Havelange se réclame d’une méthode à consonance phénoménologique, voulant que, face à n’importe quel énoncé, l’historien-ethnologue se laisse affecter et découvre ce qui est, à chaque fois, un paysage mental et sentimental se dévoilant. Paysage est le terme qui reviendra souvent sous la plume d’Havelange pour cerner le faisceau des relations à travers lesquelles son Gaspard s’inscrit dans un environnement.

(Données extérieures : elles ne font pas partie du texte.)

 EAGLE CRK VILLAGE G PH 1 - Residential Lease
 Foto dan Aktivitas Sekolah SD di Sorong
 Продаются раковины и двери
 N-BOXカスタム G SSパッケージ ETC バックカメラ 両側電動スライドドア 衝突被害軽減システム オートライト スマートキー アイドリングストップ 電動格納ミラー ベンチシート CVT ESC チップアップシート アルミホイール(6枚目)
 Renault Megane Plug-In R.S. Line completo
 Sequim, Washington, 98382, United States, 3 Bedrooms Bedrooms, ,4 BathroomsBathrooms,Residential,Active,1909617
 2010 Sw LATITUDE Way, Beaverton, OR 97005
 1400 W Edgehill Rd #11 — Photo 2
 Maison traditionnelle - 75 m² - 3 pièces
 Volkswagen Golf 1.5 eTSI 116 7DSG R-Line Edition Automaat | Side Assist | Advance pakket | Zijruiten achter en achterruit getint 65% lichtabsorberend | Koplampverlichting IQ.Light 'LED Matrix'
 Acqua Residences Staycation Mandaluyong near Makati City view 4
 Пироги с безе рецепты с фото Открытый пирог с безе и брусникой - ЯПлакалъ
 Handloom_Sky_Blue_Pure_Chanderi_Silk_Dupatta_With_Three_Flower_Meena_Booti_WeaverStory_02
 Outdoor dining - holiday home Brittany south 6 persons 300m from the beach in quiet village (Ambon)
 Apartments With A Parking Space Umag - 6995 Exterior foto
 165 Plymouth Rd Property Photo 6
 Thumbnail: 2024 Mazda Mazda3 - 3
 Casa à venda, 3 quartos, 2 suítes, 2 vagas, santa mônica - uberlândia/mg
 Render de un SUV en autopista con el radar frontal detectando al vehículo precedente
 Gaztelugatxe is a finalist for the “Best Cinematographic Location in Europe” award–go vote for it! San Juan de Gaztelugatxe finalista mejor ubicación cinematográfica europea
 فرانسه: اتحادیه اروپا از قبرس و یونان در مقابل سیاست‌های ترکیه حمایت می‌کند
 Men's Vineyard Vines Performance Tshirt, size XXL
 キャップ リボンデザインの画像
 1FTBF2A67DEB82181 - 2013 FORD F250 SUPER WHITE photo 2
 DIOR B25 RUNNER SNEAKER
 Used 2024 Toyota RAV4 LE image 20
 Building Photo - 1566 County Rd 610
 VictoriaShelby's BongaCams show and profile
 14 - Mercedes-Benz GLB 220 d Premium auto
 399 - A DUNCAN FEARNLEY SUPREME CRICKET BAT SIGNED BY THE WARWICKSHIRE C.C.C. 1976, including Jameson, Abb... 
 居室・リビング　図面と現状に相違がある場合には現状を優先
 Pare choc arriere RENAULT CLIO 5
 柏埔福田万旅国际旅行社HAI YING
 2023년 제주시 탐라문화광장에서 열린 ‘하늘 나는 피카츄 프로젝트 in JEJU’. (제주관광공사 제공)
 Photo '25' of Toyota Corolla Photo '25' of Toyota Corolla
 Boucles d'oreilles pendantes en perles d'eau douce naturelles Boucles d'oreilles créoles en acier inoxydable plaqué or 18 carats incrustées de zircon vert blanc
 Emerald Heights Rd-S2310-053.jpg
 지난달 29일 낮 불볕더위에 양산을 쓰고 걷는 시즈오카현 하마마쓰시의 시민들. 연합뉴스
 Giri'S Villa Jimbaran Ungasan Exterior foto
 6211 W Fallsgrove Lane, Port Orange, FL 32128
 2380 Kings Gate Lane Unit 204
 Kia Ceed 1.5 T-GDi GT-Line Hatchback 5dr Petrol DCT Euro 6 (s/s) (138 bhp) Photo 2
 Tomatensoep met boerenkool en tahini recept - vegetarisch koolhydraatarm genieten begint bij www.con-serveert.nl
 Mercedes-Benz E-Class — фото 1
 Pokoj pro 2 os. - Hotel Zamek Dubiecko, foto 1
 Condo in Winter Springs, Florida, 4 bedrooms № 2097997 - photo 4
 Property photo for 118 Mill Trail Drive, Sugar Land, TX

Gaspard Marnette fut donc un ouvrier “en chambre”, allant au bout d’un temps vendre ses crosses de fusil à le ville. Il fut un des rares en son village à bénéficier d’une instruction élémentaire qui se traduit dans l’aisance affichée par son écriture. Pour Gaspard, Vottem fut un monde complet dont le célibataire endurci qu’il était enregistrait toutes les vibrations. Il fréquenta beaucoup l’église et se lia d’amitié avec le curé des lieux. Ainsi Gaspard portait bannière à la procession, lisait un quotidien d’inspiration catholique, fut un homme d’ordre. Rien chez lui, comme on voit, d’un prolétaire en révolte. Et peu chez lui qui puisse générer la sympathie du lecteur : il est trop vertueux pour cela. Mais qui a longuement parcouru ses écrits minutieux est gagné par tout un respect pour sa personne.

Carl Havelange, Gaspard. Une écriture ouvrière au XIXe siècle © Presses du réel

Plaisante à lire, la Chronique de Gaspard fut tenue dimanche après dimanche à partir des notes de la semaine. Comment en faire plus quand le travail attend ? Et déjà ici une remarque. Gaspard parle de tout ce qui arrive au village et dans la paroisse mais il ne dit rien de son travail ouvrier alors qu’il œuvre ans un domaine qui fit la gloire de la région liégeoise, la fabrique des armes.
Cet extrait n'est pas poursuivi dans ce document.